_Description of the task_: Produce a copy of every line in the records that holds the string "Gift".

--- Dataset Enclosed Below ---

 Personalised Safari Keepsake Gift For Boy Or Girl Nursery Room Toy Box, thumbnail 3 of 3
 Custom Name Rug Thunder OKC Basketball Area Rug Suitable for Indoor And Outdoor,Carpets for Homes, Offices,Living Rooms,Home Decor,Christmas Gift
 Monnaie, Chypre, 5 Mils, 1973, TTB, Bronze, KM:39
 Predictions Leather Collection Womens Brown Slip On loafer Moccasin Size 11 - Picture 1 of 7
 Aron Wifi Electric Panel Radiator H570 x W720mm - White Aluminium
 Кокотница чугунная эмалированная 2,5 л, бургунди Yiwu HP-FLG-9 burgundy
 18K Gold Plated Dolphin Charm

--- End of Enclosed Dataset ---
--- Dataset Enclosed Below ---

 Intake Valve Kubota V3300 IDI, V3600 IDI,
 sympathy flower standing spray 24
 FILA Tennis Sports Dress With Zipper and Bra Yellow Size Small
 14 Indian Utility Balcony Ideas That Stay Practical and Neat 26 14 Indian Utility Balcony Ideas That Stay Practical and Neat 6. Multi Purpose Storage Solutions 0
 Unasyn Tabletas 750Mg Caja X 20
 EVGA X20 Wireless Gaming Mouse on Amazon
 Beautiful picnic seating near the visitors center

--- End of Enclosed Dataset ---
--- Dataset Enclosed Below ---

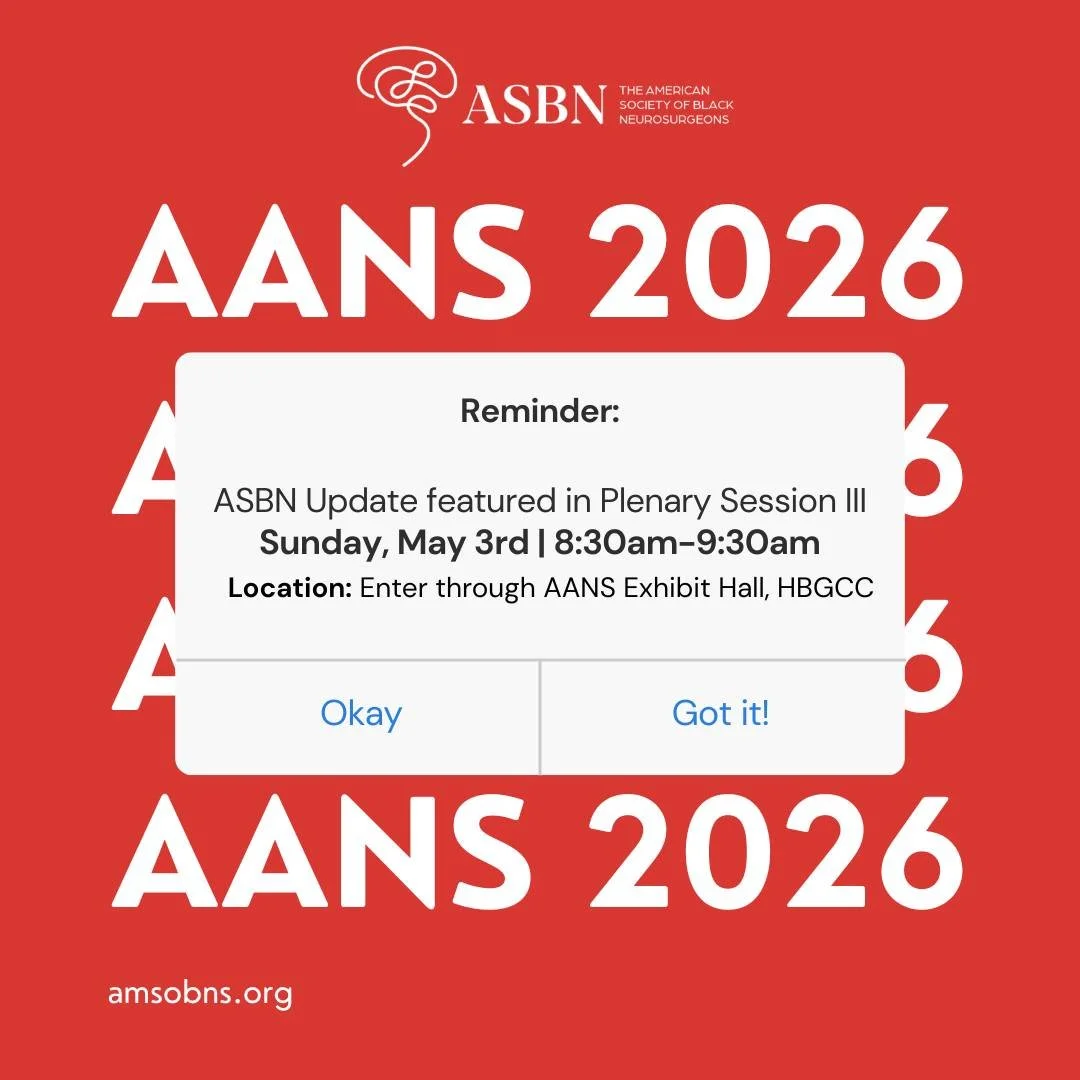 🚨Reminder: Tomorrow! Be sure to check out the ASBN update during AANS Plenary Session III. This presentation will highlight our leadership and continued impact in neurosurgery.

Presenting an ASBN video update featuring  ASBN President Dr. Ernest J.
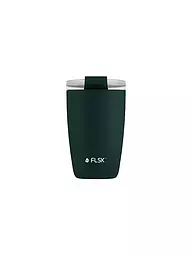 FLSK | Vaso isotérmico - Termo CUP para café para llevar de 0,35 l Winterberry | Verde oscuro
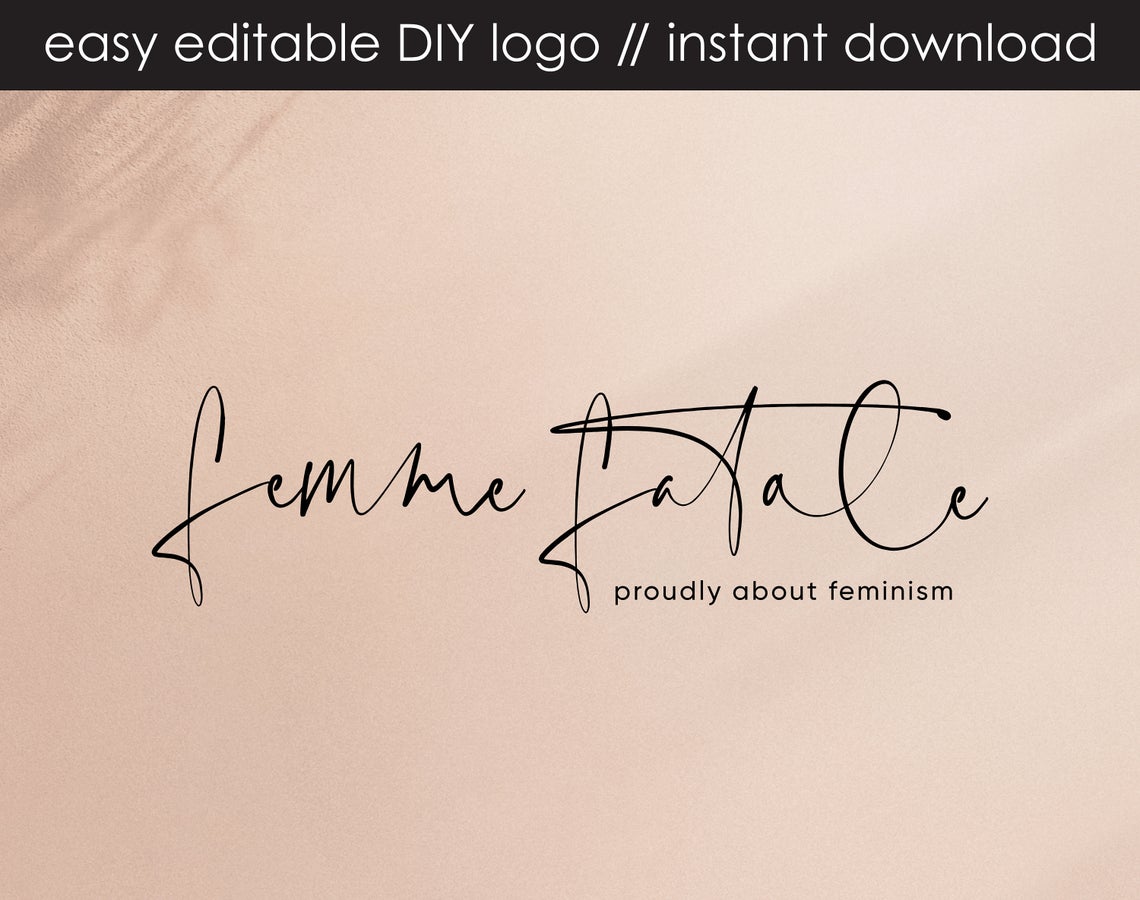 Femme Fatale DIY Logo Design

--- End of Enclosed Dataset ---

_Response for this exercise_:
 Personalised Safari Keepsake Gift For Boy Or Girl Nursery Room Toy Box, thumbnail 3 of 3
 Custom Name Rug Thunder OKC Basketball Area Rug Suitable for Indoor And Outdoor,Carpets for Homes, Offices,Living Rooms,Home Decor,Christmas Gift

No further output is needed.